[Supplied entries Boundary: Start]
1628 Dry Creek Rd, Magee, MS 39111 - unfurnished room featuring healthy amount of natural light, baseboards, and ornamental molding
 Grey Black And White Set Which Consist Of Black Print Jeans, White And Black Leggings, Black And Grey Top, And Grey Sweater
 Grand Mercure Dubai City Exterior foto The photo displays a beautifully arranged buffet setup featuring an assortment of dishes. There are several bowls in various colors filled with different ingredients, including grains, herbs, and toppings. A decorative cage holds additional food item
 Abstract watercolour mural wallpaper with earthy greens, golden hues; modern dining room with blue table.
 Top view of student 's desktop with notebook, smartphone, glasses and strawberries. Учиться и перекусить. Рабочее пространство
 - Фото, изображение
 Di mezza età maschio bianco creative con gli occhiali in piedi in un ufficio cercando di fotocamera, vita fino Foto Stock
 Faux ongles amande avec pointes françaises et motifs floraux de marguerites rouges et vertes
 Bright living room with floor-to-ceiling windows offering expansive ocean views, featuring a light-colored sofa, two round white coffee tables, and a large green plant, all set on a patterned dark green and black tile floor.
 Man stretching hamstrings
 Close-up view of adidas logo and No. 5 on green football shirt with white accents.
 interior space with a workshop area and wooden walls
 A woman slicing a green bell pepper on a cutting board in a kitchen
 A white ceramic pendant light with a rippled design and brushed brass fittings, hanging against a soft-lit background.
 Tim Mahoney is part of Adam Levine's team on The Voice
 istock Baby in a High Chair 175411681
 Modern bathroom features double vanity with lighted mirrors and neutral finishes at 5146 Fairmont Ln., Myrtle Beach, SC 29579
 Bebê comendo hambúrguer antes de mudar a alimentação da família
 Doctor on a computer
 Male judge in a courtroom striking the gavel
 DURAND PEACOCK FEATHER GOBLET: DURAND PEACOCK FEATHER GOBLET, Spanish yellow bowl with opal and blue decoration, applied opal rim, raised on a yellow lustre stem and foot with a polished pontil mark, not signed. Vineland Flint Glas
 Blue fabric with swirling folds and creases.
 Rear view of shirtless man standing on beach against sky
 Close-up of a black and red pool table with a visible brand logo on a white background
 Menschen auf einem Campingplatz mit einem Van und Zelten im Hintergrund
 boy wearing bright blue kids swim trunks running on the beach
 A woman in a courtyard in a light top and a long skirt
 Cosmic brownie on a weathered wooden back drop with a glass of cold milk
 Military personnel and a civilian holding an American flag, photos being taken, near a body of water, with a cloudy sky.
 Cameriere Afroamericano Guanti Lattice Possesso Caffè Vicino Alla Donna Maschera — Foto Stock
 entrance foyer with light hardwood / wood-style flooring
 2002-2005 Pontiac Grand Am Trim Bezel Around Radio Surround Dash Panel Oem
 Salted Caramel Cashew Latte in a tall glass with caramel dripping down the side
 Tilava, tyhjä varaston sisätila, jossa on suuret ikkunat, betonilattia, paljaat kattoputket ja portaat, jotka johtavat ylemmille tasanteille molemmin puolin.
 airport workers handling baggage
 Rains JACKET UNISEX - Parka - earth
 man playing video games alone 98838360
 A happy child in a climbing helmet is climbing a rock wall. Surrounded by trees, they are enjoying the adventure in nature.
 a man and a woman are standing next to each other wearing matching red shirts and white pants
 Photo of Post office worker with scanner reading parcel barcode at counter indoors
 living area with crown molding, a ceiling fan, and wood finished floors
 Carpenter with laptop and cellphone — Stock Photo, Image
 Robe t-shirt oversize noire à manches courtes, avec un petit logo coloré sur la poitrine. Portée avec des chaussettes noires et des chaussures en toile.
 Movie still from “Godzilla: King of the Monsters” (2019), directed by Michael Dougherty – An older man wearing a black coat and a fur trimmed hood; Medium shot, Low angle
[Supplied entries Boundary: End]
Reproduce the entries exactly as they appear.

▶ [Answer section]:
1628 Dry Creek Rd, Magee, MS 39111 - unfurnished room featuring healthy amount of natural light, baseboards, and ornamental molding
 Grey Black And White Set Which Consist Of Black Print Jeans, White And Black Leggings, Black And Grey Top, And Grey Sweater
 Grand Mercure Dubai City Exterior foto The photo displays a beautifully arranged buffet setup featuring an assortment of dishes. There are several bowls in various colors filled with different ingredients, including grains, herbs, and toppings. A decorative cage holds additional food item
 Abstract watercolour mural wallpaper with earthy greens, golden hues; modern dining room with blue table.
 Top view of student 's desktop with notebook, smartphone, glasses and strawberries. Учиться и перекусить. Рабочее пространство
 - Фото, изображение
 Di mezza età maschio bianco creative con gli occhiali in piedi in un ufficio cercando di fotocamera, vita fino Foto Stock
 Faux ongles amande avec pointes françaises et motifs floraux de marguerites rouges et vertes
 Bright living room with floor-to-ceiling windows offering expansive ocean views, featuring a light-colored sofa, two round white coffee tables, and a large green plant, all set on a patterned dark green and black tile floor.
 Man stretching hamstrings
 Close-up view of adidas logo and No. 5 on green football shirt with white accents.
 interior space with a workshop area and wooden walls
 A woman slicing a green bell pepper on a cutting board in a kitchen
 A white ceramic pendant light with a rippled design and brushed brass fittings, hanging against a soft-lit background.
 Tim Mahoney is part of Adam Levine's team on The Voice
 istock Baby in a High Chair 175411681
 Modern bathroom features double vanity with lighted mirrors and neutral finishes at 5146 Fairmont Ln., Myrtle Beach, SC 29579
 Bebê comendo hambúrguer antes de mudar a alimentação da família
 Doctor on a computer
 Male judge in a courtroom striking the gavel
 DURAND PEACOCK FEATHER GOBLET: DURAND PEACOCK FEATHER GOBLET, Spanish yellow bowl with opal and blue decoration, applied opal rim, raised on a yellow lustre stem and foot with a polished pontil mark, not signed. Vineland Flint Glas
 Blue fabric with swirling folds and creases.
 Rear view of shirtless man standing on beach against sky
 Close-up of a black and red pool table with a visible brand logo on a white background
 Menschen auf einem Campingplatz mit einem Van und Zelten im Hintergrund
 boy wearing bright blue kids swim trunks running on the beach
 A woman in a courtyard in a light top and a long skirt
 Cosmic brownie on a weathered wooden back drop with a glass of cold milk
 Military personnel and a civilian holding an American flag, photos being taken, near a body of water, with a cloudy sky.
 Cameriere Afroamericano Guanti Lattice Possesso Caffè Vicino Alla Donna Maschera — Foto Stock
 entrance foyer with light hardwood / wood-style flooring
 2002-2005 Pontiac Grand Am Trim Bezel Around Radio Surround Dash Panel Oem
 Salted Caramel Cashew Latte in a tall glass with caramel dripping down the side
 Tilava, tyhjä varaston sisätila, jossa on suuret ikkunat, betonilattia, paljaat kattoputket ja portaat, jotka johtavat ylemmille tasanteille molemmin puolin.
 airport workers handling baggage
 Rains JACKET UNISEX - Parka - earth
 man playing video games alone 98838360
 A happy child in a climbing helmet is climbing a rock wall. Surrounded by trees, they are enjoying the adventure in nature.
 a man and a woman are standing next to each other wearing matching red shirts and white pants
 Photo of Post office worker with scanner reading parcel barcode at counter indoors
 living area with crown molding, a ceiling fan, and wood finished floors
 Carpenter with laptop and cellphone — Stock Photo, Image
 Robe t-shirt oversize noire à manches courtes, avec un petit logo coloré sur la poitrine. Portée avec des chaussettes noires et des chaussures en toile.
 Movie still from “Godzilla: King of the Monsters” (2019), directed by Michael Dougherty – An older man wearing a black coat and a fur trimmed hood; Medium shot, Low angle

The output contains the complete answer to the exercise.